Luxembourg | Luxembourg, Tribunal administratif, 28 juin 2004, 17630


Tribunal administratif N° 17630 du rôle du Grand-Duché de Luxembourg Inscrit le 20 février 2004 Audience publique du 28 juin 2004 Recours formé par Monsieur …, … contre deux décisions du ministre de la Justice en matière de statut de réfugié

JUGEMENT

Vu la requête inscrite sous le numéro 17630 du rôle et déposée au greffe du tribunal administratif le 20 février 2004 par Maître Marie-Laure VAN KAUVENBERGH, avocat à la Cour, inscrit au tableau de l’Ordre des avocats à Luxembourg, au nom de Monsieur …, né le … (Turquie), de nationalité turque, demeurant

actuellement à L-… , tendant à la réformation, sinon à l’annulation d’une décision du mi...
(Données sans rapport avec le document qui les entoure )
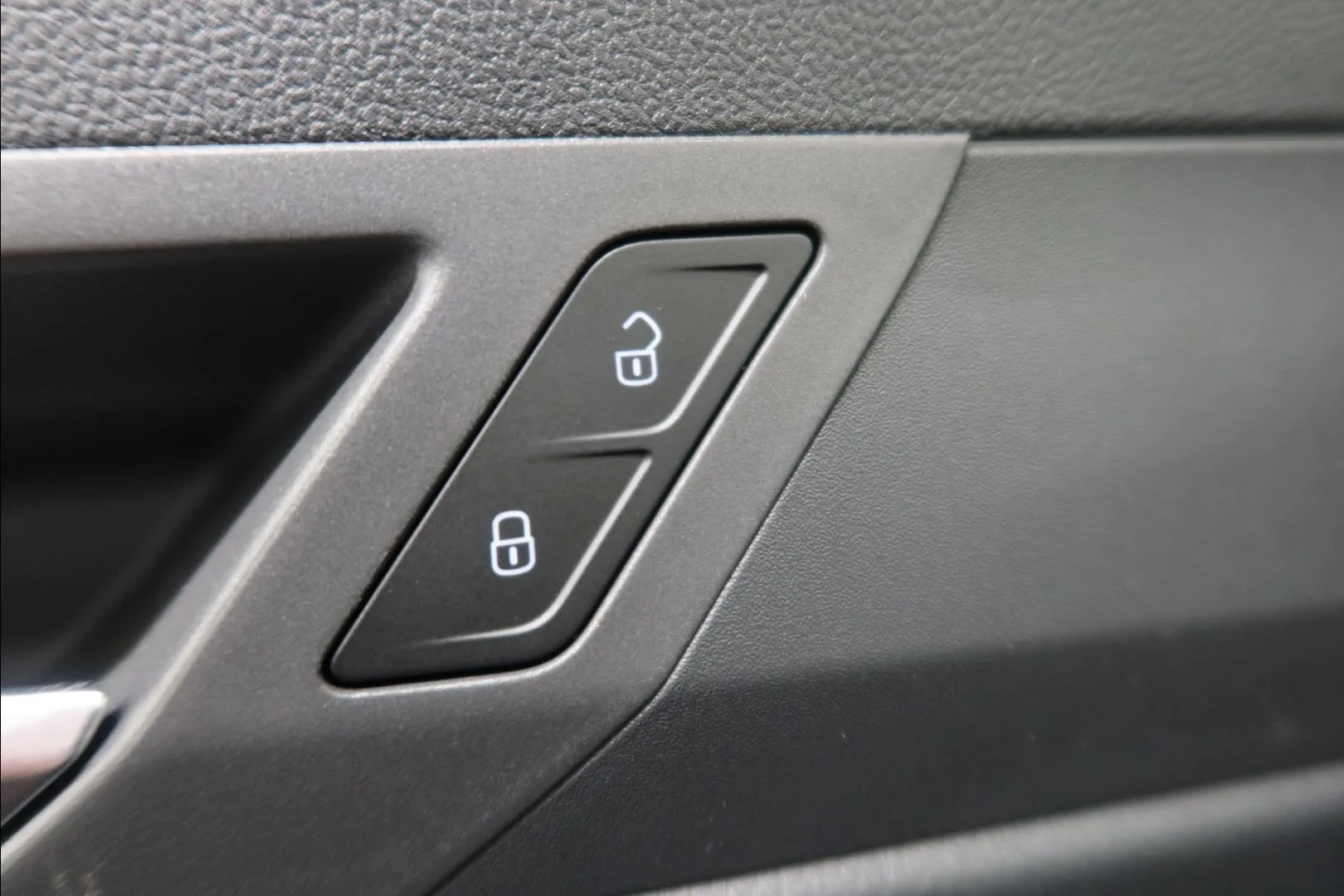 Ford Grand Tourneo Connect KXM-836 carousel image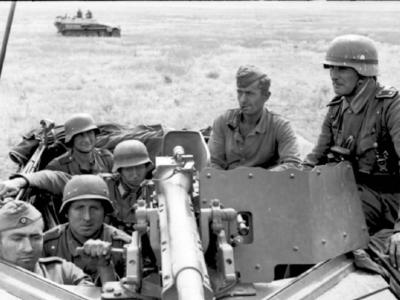 SdKfz 251/10 Eastern Front South 1942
Tribunal administratif N° 17630 du rôle du Grand-Duché de Luxembourg Inscrit le 20 février 2004 Audience publique du 28 juin 2004 Recours formé par Monsieur …, … contre deux décisions du ministre de la Justice en matière de statut de réfugié

JUGEMENT

Vu la requête inscrite sous le numéro 17630 du rôle et déposée au greffe du tribunal administratif le 20 février 2004 par Maître Marie-Laure VAN KAUVENBERGH, avocat à la Cour, inscrit au tableau de l’Ordre des avocats à Luxembourg, au nom de Monsieur …, né le … (Turquie), de nationalité turque, demeurant actuellement à L-… , tendant à la réformation, sinon à l’annulation d’une décision du ministre de la Justice du 17 novembre 2003 portant rejet de sa demande en reconnaissance du statut de réfugié comme n’étant pas fondée, ainsi que d’une décision confirmative du même ministre du 20 janvier 2004 prise sur recours gracieux ;

Vu le mémoire en réponse du délégué du Gouvernement déposé au greffe du tribunal administratif le 27 avril 2004 ;

Vu les pièces versées en cause et notamment les décisions critiquées ;

Entendu le juge-rapporteur en son rapport, ainsi que Maître Karin SPITZ, en remplacement de Maître Marie-Laure VAN KAUVENBERGH et Monsieur le délégué du Gouvernement Jean-Paul REITER en leurs plaidoiries respectives à l’audience publique du 14 juin 2004.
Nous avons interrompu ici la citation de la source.